Tout ça, en 1986. L’année de référence du métalleux antique, âgé dans la cinquantaine avancée. Celui-là, il en a vu des vertes et des pas mûres!

Cette année qu’est 1986 n’est qu’une année de référence mais elle se veut la pierre angulaire face à ce sentiment de protection métallique, de gatekeeping, dans le domaine du metal. Cette année reflète amplement l’état d’esprit général du métalleux un brin borné, celui qui utilise toujours cet argument de marde pour finir sa discussion : « Ouais, j’comprends ce que tu me dis mais c’était bin meilleur dans l’temps! Tsé, j’ai vu Metallica au Centre Georges-Vézina!»

Toi, tu n’étais même pas au monde…

Ton regard est vide, tu n’as plus d’argument solide et là, il énumère les sorties, mentionnées plus haut, des quatre groupes du Big Four lors de cette année fatidique qu’est 1986.

Proposez-leur une nouveauté et vous serez accueilli avec un haussement d’épaules blasé et la fameuse réplique suit toujours.Tout le temps, c’est immanquable. Pour eux, l’avenir n’existe que comme une mauvaise copie cheapette du passé. D’ailleurs, ce fait dépasse largement la musique : beaucoup gardent le même emploi depuis des années, parfois même en le détestant passionnément, mais ils tiennent bon. Ils le gardent parce que ça paie les factures et que ce serait tellement plus compliqué de repartir à zéro.
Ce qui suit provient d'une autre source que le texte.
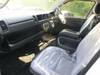 TOYOTA HIACE COMMUTER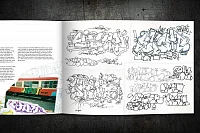 Книга Blackbook4 - Eksit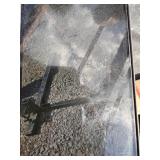 bucket fork extensions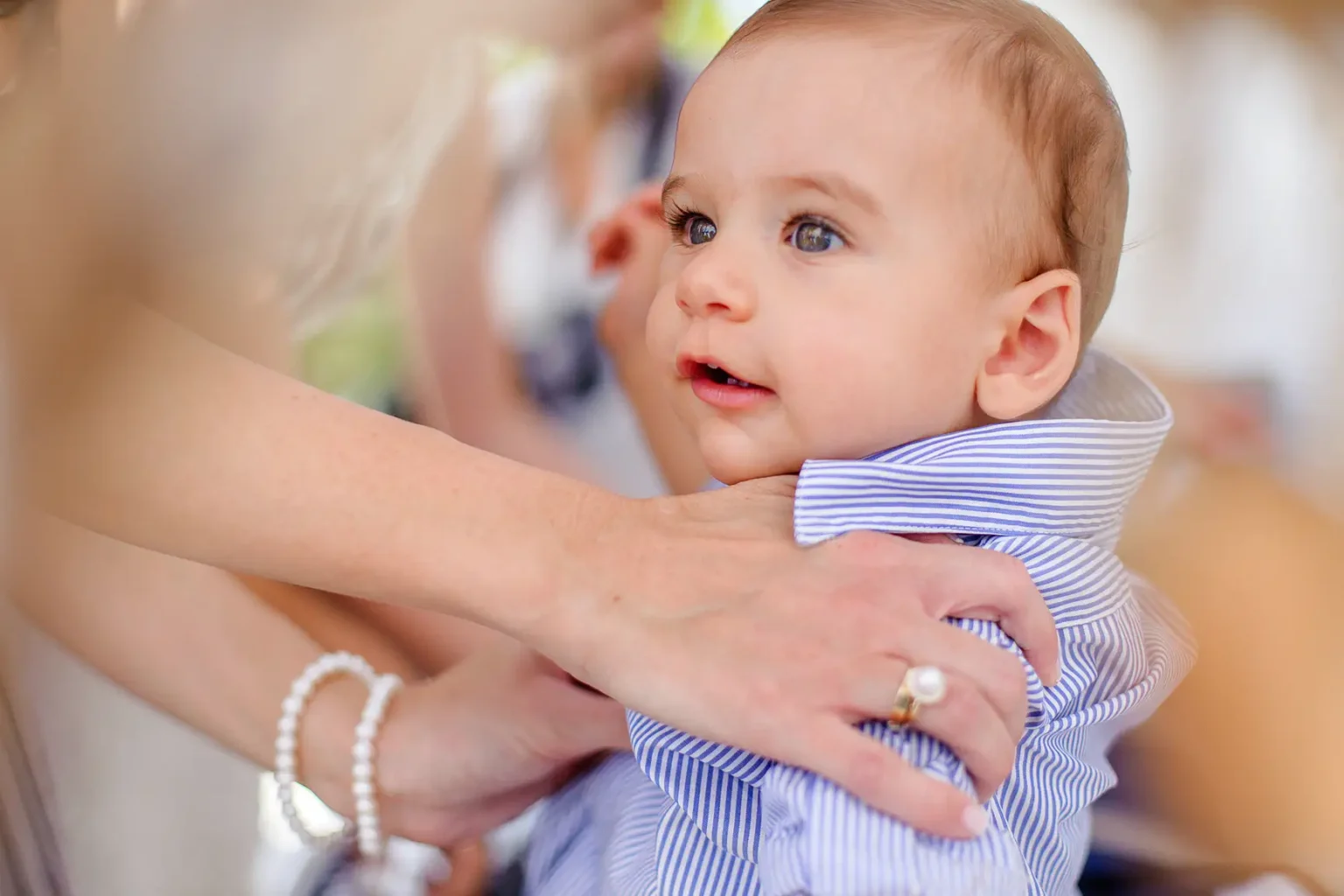 1440 φωτογραφιση βατπσιη grand resort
Ça ne vaudrait pas la peine, pas là où ils sont rendus.

Les mêmes habitudes, les mêmes routines, le même café Maxwell House dans la boîte circulaire bleue, dans la même tasse égratignée des Simpsons et ce, depuis 1997.

Essayez donc de suggérer à un métalleux que son groupe favori des années ’80 a mal vieilli… Vous aurez droit à un sermon plus long qu’une écoute de Dopesmoker de Sleep.

Je vous rappelle que c’est une chanson de 63 minutes…

Proposez, disons… une expérimentation un peu trop électronique par un groupe metal ? Sacrilège ultime. Introduisez des influences pop dans le son d’une formation metal comme le fait Ghost? Excommunication immédiate!

Dans le fond, les fans de metal ressemblent à des archivistes plutôt grincheux et très frileux face aux nouveautés: ils cataloguent tout ce qui a été fait à la perfection, selon leurs goûts, ils protègent le passé et ils défendent chaque riff comme si c’était une relique du Moyen Âge qui devrait se retrouver dans un musée.

Et pourtant, malgré cette réticence maladive à la nouveauté, ils demeurent étonnamment sympathiques et souvent très instruits. De véritables bibliothèques ambulantes de riffs, de dates de tournées et d’anecdotes obscures sur les pochettes d’albums.

Leur talon d’Achille, leur faiblesse ultime ? La nostalgie.

Ils s’accrochent à leurs souvenirs comme à une collection de patchs cousues sur une veste en jeans avec pas de manches. Une patch de Maiden de la tournée Somewhere on Tour, une patch de Metallica trouvé dans un marché aux puces en ‘92, une patch… de leurs 40 dernières années envolées, mais jamais oubliées.

Mais il faut l’avouer, cette obsession du passé est aussi ce qui fait la beauté du genre métallique. Le metal se nourrit d’hier pour ne pas mourir demain. Alors oui, les métalleux sont nostalgiques, conservateurs et protecteurs jusqu’à l’obsession. Et vous savez quoi? J’en fais partie, moi aussi.

Et franchement, qui d’autre aurait la détermination de porter encore fièrement un t-shirt troué de Slayer lors de la tournée Touring in the Abyss, comme s’il s’agissait d’un uniforme sacré ?

Hein, qui?

Pas pour le swag ou le drip, mais parce qu’on y était et qu’on est ressorti de là avec les bleus et autres ecchymoses qui venaient avec!

En gros, les métalleux sont réfractaires aux nouveautés, de féroces gardiens du passé, un brin obstinés, je dois l’avouer… mais sans eux, le metal ne serait pas ce sanctuaire intemporel qu’il est aujourd’hui!